How KoRo Generated €2.5M in Additional Revenue in Just 6 Months
KoRo is a €250M+ annual revenue European food and snack DTC brand that had never run a single A/B test. With rising customer acquisition costs eating into margins, they needed to make existing traffic more profitable — without increasing ad spend. DRIP built their entire experimentation program from scratch and generated €2.5M in additional revenue within the first six months.
The Brand
KoRo is one of Europe's fastest-growing food and snack DTC brands, with over €250M in annual revenue. Known for high-quality nuts, dried fruits, and pantry staples sold at competitive prices, KoRo built a massive direct-to-consumer business across multiple European markets.
Despite their scale and growth, KoRo had never implemented a structured A/B testing program. Product and UX decisions were made based on internal opinions and competitor benchmarking rather than systematic customer data.
The Challenge
KoRo is a fast-scaling European DTC brand with over 200 million euros in annual revenue, yet they had never run a single structured A/B test. Every product page layout, checkout flow change, and category page redesign was based on internal intuition or competitor benchmarking rather than measured customer behavior.
This left significant optimization potential untapped across the entire funnel. Without experimentation infrastructure, there was no way to quantify which site elements were helping conversion and which were silently costing revenue on every session.

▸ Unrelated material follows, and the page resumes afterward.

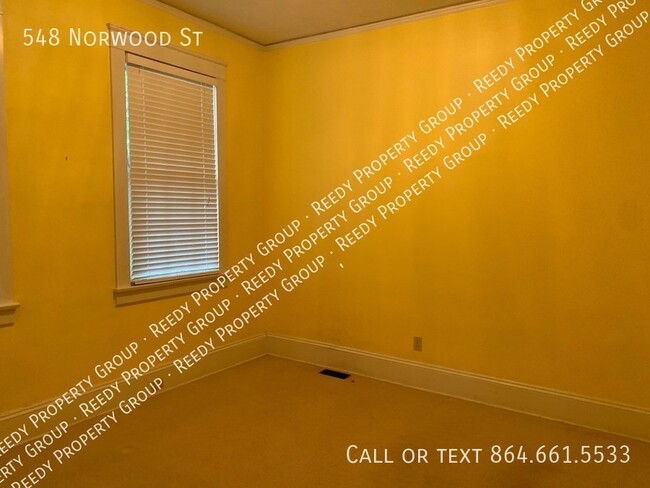 Building Photo - CONVERSE HEIGHTS! Premium location for thi...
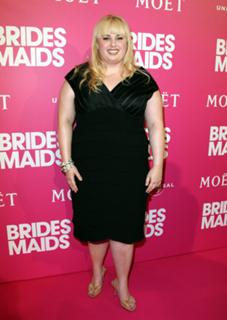 Rebel Wilson feet photo thumbnail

The core challenge was clear: build a testing program from zero that could systematically uncover and capture the conversion and revenue-per-user gains hidden in KoRo's high-traffic site.
The Approach
DRIP built KoRo's experimentation program from the ground up. Consumer psychology research identified Security (86), Comfort (81), and Progress (74) as the dominant purchase drivers — bulk food shoppers need to trust the commitment (pack size, shelf life, arrival integrity), feel confident the taste matches expectations, and align purchases with health goals.
These drivers shaped a testing roadmap across the full funnel: product descriptions rewritten to reduce cognitive load and communicate benefits clearly on PDPs, category pages audited for above-the-fold product visibility, and checkout flow stripped of unnecessary form friction.

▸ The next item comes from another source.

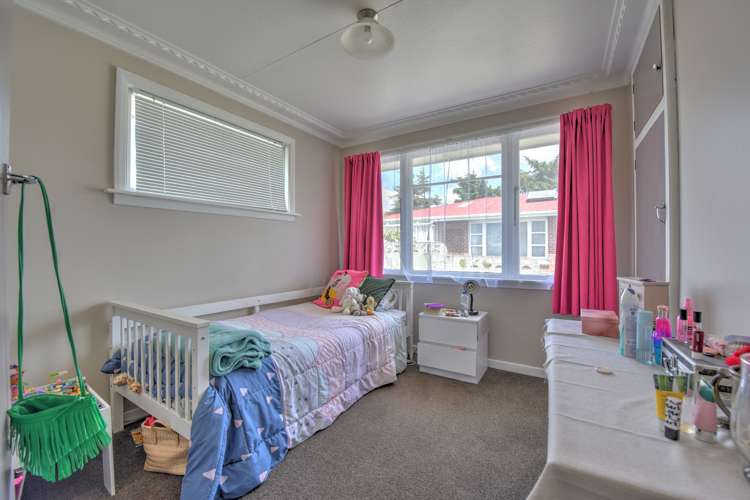 6 Main Street Mataura_11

Each test was designed around specific behavioral principles — cognitive ease, decision simplification, uncertainty reduction, and framing — ensuring every hypothesis had a psychological rationale rather than being a cosmetic guess.
Key Tests & Results
PDP Copy Optimization: Product Descriptions & Bullet Points
Modified product description copy and bullet points on targeted product detail pages to better communicate product benefits. Leveraged cognitive ease, value perception, uncertainty reduction, and framing principles to make the information easier to process and more compelling.
Category Overview Size Reduction on PLPs
Reduced the category overview and navigation section on product listing pages so more products appeared above the fold. Applied decision simplification and visual clarity principles to help shoppers scan options faster.

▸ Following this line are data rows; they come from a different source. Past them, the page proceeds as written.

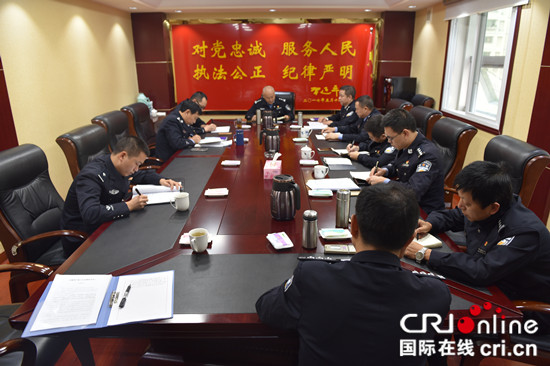 已過審【法制安全】雲陽公安局設立護學崗 兩百警力任學生“守護神”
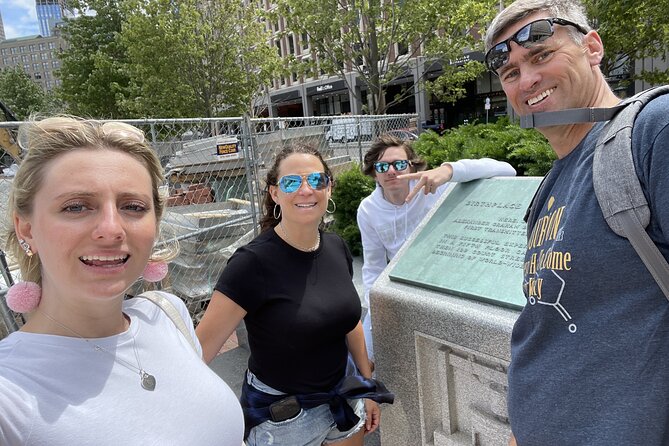 Boston Record Breakers: Self-Guided Scavenger Hunt - The Massachusetts State House and Beacon Street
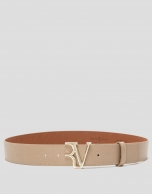 Beige leather belt with matching back-stitching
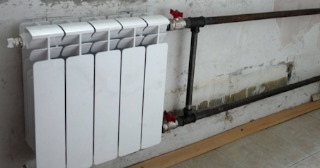 Установка биметаллических радиаторов отопления в квартире в Тынде - от 2103 руб.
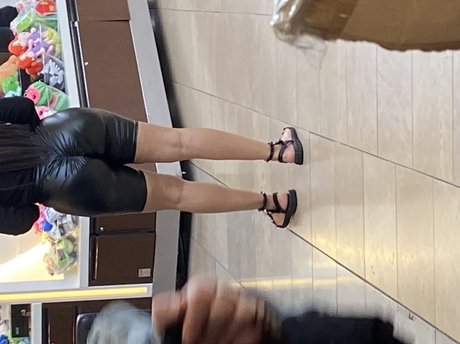 shemale fucks girl onlyfans hot sexy img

Checkout Shipping & Login Form Optimization
Streamlined shipping information form fields and the login section in the checkout flow. Used cognitive ease, decision simplification, and uncertainty reduction to minimize friction and keep users moving toward purchase completion.
Overall Impact
In just six months, the experimentation program generated €2.5M in additional revenue — a result that demonstrated the massive untapped potential sitting in KoRo's existing traffic.
Across the partnership, DRIP ran 18 experiments spanning product detail pages, product listing pages, and the checkout funnel. Four of those tests produced statistically significant wins — a 22% win rate — with lifts ranging from +0.9% to +3.4% RPU per experiment.
The systematic approach turned KoRo from a brand with zero testing maturity into one with a functioning experimentation program, a prioritized backlog, and compounding learnings from PDP copy through to checkout form design.
The Takeaway
The KoRo case is a clear demonstration that even brands with €250M+ in revenue can have massive untapped CRO potential. The absence of testing doesn't mean the site is optimized — it means nobody has measured what's working and what isn't.
For large-scale DTC brands without a structured testing program: the ROI on building one is enormous. €2.5M in six months from a standing start shows what's possible when you approach optimization systematically rather than sporadically.